全日本ロードレース第3戦SUGO 決勝レース1

2023/05/21

中須賀克行の連勝記録が止まる。破ったのは岡本裕生。JSB1000初優勝!

史上最強と言われる中須賀克行(YAMAHA FACTORY RACING TEAM)の連勝記録が27で止まった。破ったのはチームメイトの岡本裕生(YAMAHA FACTORY RACING TEAM 2)。JSB1000クラス初優勝を飾った。3位に水野涼(Astemo Honda Dream SI Racing)。全日本復帰初表彰台を獲得した。

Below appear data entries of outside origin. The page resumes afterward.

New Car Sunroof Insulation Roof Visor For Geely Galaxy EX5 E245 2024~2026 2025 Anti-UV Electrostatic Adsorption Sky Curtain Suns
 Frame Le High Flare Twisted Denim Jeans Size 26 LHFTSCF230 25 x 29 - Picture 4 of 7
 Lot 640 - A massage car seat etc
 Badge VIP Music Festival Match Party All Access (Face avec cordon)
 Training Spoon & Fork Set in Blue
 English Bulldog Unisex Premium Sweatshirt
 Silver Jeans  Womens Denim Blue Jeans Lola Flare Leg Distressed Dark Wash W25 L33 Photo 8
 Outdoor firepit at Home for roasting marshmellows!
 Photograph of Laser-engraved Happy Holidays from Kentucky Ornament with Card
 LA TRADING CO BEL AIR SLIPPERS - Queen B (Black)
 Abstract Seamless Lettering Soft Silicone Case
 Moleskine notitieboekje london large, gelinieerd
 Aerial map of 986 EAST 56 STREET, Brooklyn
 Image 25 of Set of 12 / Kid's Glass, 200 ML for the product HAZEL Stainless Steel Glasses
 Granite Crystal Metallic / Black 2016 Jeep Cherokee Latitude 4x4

曇りの天気予報が外れ、朝の公式予選は雨となった。ポールポジションは中須賀。2番グリッドに星野知也(TONE RT SYNCEDGE4413 BMW)不安定な天候ではその強さを示す。3番グリッドは岡本。4番グリッドに亀井雄大(YOSHIMURA SUZUKI RIDEWIN)、5番グリッドに水野涼であった。

決勝レースの頃には曇り、ところどころウェットパッチがあるもののドライで22周の決勝レース1がスタートした。

ホールショットは星野が奪う。中須賀、岡本、亀井、水野と続いて1コーナーに進入する。バックストレートで中須賀、岡本が星野の両脇からパス、中須賀がオープニングラップを制する。以下、岡本、水野、亀井、星野、津田拓也、清成龍一(Astemo Honda Dream SI Racing)、名越哲平(SDG Honda Racing)、伊藤和樹(Honda Dream RT桜井ホンダ)、秋吉耕佑(MurayamaUnso.Honda Dream.K.W)の上位10台。

2周目の馬の背、岡本が中須賀のインを突いてトップに浮上、しかしクロスラインから立ち上がりで中須賀が抜き返す。岡本は序盤から中須賀を攻める。しかし3周目のシケインでギアをニュートラルに入れてしまう痛恨のミス、水野に先行を許して3番手にドロップダウン。だが岡本は慌てなかった「自分の持ちタイムがあれば後半に追いつける自信がありました。だから落ち着いていつもの走りを心がけました」

思惑通り6周目の1コーナーで水野をパス、2番手に浮上する。だがその間に中須賀は約2秒前方にいた。

残り10周、岡本のペースが良い。中須賀よりもコンマ3〜4秒速いタイムで中須賀との差を1秒にまで縮めてきた。そして15周目には1’26″290のファステストラップをマーク、中須賀の背中が近くなってきた。

しかし中須賀は巧みなブロックラインと深いブレーキングで岡本をテールにはつかせるが抜かせない。岡本もそれはわかっていた。パッシングポイントは1コーナーか馬の背と決めていた。村山運送シケインでは中須賀のブレーキングの強さには勝てないと思っていた。

そして20周目のホームストレート、スリップから抜けた岡本は中須賀の横に並び同じタイミンングでブレーキング、1コーナーでインに飛び込む。僅かに膨らみクロスラインから立ち上がりで抜き返そうとする中須賀を2コーナーでしっかりブロック、ついにトップに浮上する!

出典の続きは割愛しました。